* **Information provided**:
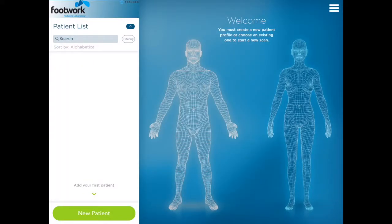Hi, Arthur here from Footwork. Today we are here to show you how to use the new updated scanning app based on the Structure Scanner along with the use of an iPad.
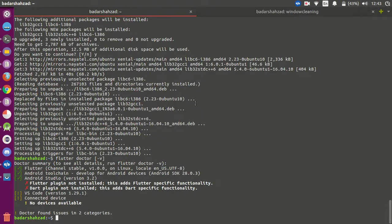Hello everyone, Assalamu alaikum. In the previous video we worked on doubts about how to install the volatube, and there are some errors everyone is facing.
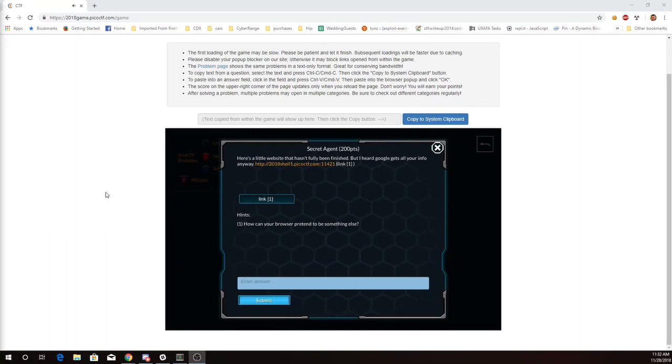This is Martin Carlisle with Secret Agent from Pico CTF 2018. Here's a little website that hasn't been fully finished, but I heard Google gets all your info anyway.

* **Your instructions**: Print the material word for word without images.

* **Written answer**:
Hi, Arthur here from Footwork. Today we are here to show you how to use the new updated scanning app based on the Structure Scanner along with the use of an iPad.
Hello everyone, Assalamu alaikum. In the previous video we worked on doubts about how to install the volatube, and there are some errors everyone is facing.
This is Martin Carlisle with Secret Agent from Pico CTF 2018. Here's a little website that hasn't been fully finished, but I heard Google gets all your info anyway.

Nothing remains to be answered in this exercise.